When determining the radius of convergence of a power series, when should I use the ratio (a[sub n+1] / a[sub n]) test versus the root (|a[sub n]|^(1/n)) test?

I know that I'm supposed to use the ratio only when there are factorials, but other than that, are these tests basically interchangeable?

Also, are there any differences in usage/application of the tests in the context of determining the radius of convergence of a power series?

Thanks

Last edited: Mar 16, 2009
2. Mar 16, 2009

### brush

So, for instance, how do I determine the radius of convergence of:

$$\sum^{\infty}_{n=0}\left(\frac{x^{n}}{n^{2}+1}\right)$$

Thanks again

Last edited: Mar 16, 2009
3. Mar 16, 2009

### yyat

Hi brush!

Both the ratio and the root test "work" in all cases (they are proven theorems), but which one is easier to use depends on the concrete form of the a_n. The ratio test is probably used more often then the root test.

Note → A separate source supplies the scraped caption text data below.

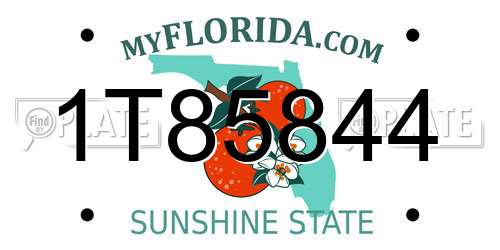 1T85844 Florida License Plate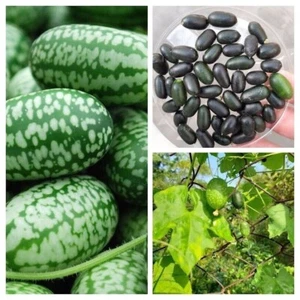MINI GURKENMELONENPAKET MAUSMELONEN SORTIERUNG - 3 Sorten - 15+ Samen V 124 - Bild 1 von 1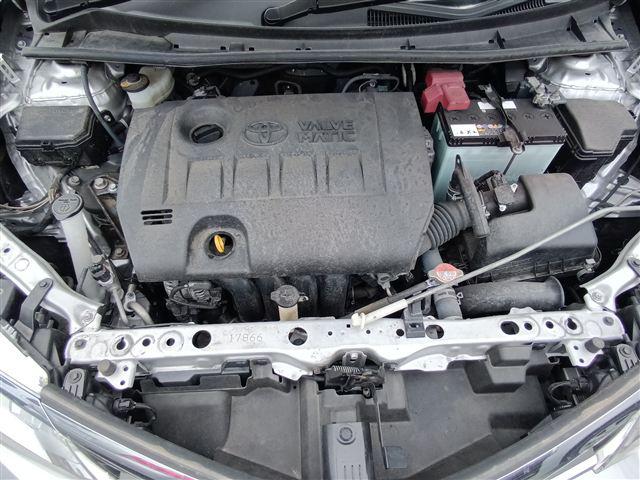 08.jpg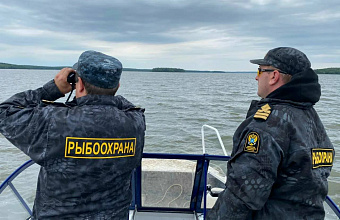 Браконьерские сети извлечены из акватории реки Сулака и Чиркейского водохранилища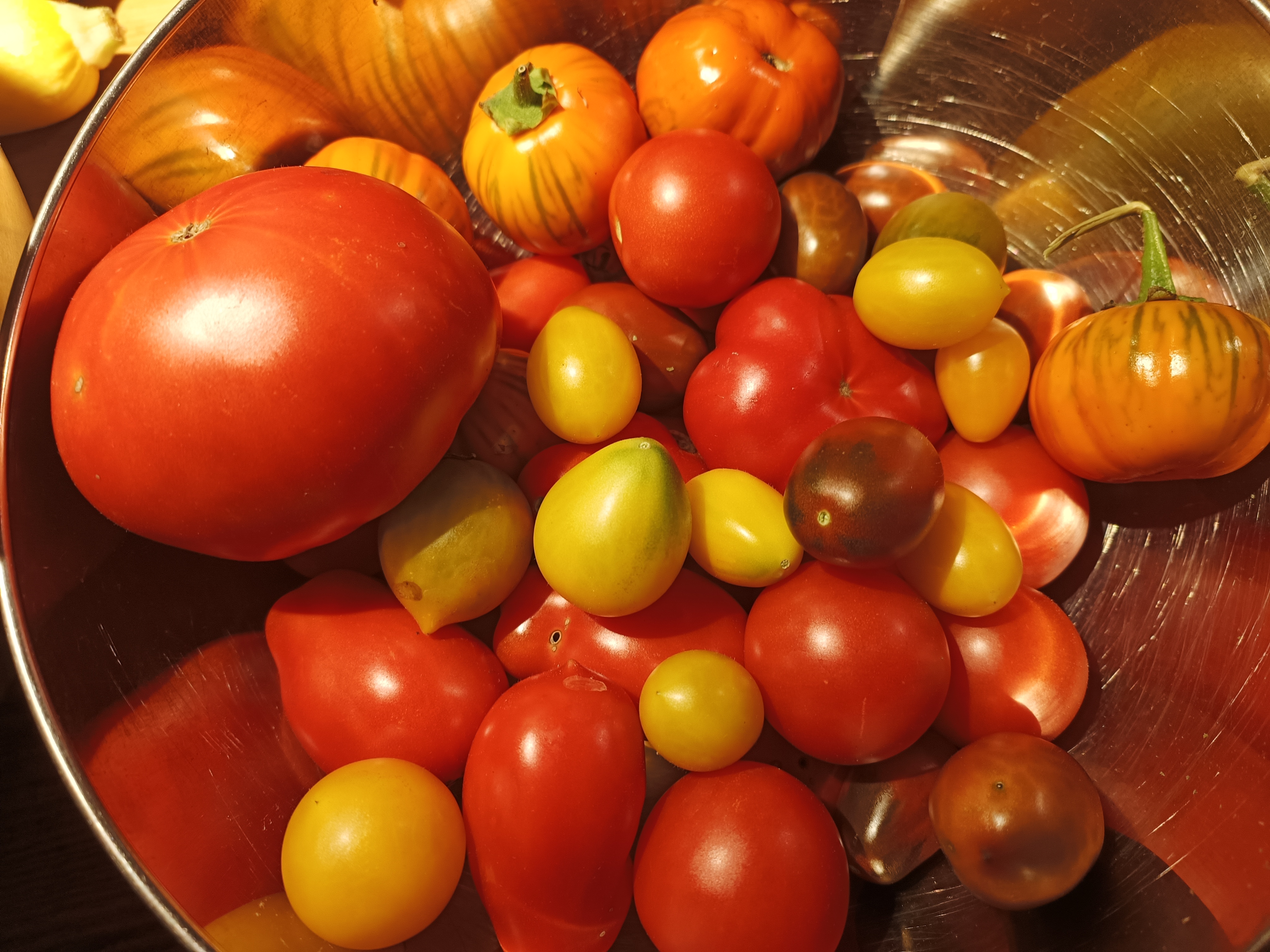 Vielfältige Tomatenernte in verschiedenen Sorten und Farben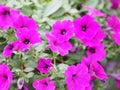 Petunia Easy Wave Bergundy Verlour name Magenta pink flower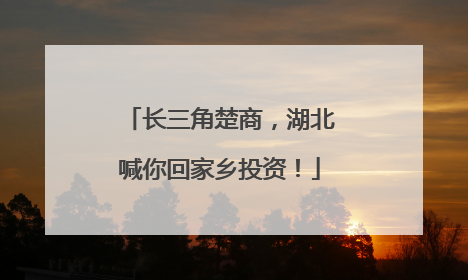 长三角楚商，湖北喊你回家乡投资！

In your particular example, try the ratio test.

4. Mar 16, 2009

### brush

Thank you for the reply, yyat!

The confusion I was having was because I kept getting different results from the ratio and root test, but I have figured out what I was doing wrong.

In the case above, both the root and ratio tests should yield (I think):

$$\left|x\right| = 1$$

5. Mar 16, 2009

### yyat

Yes, the radius of convergence is 1, that means the series converges for |x|<1. Note though that this tells you nothing about convergence at points with |x|=1, that needs to be checked separately.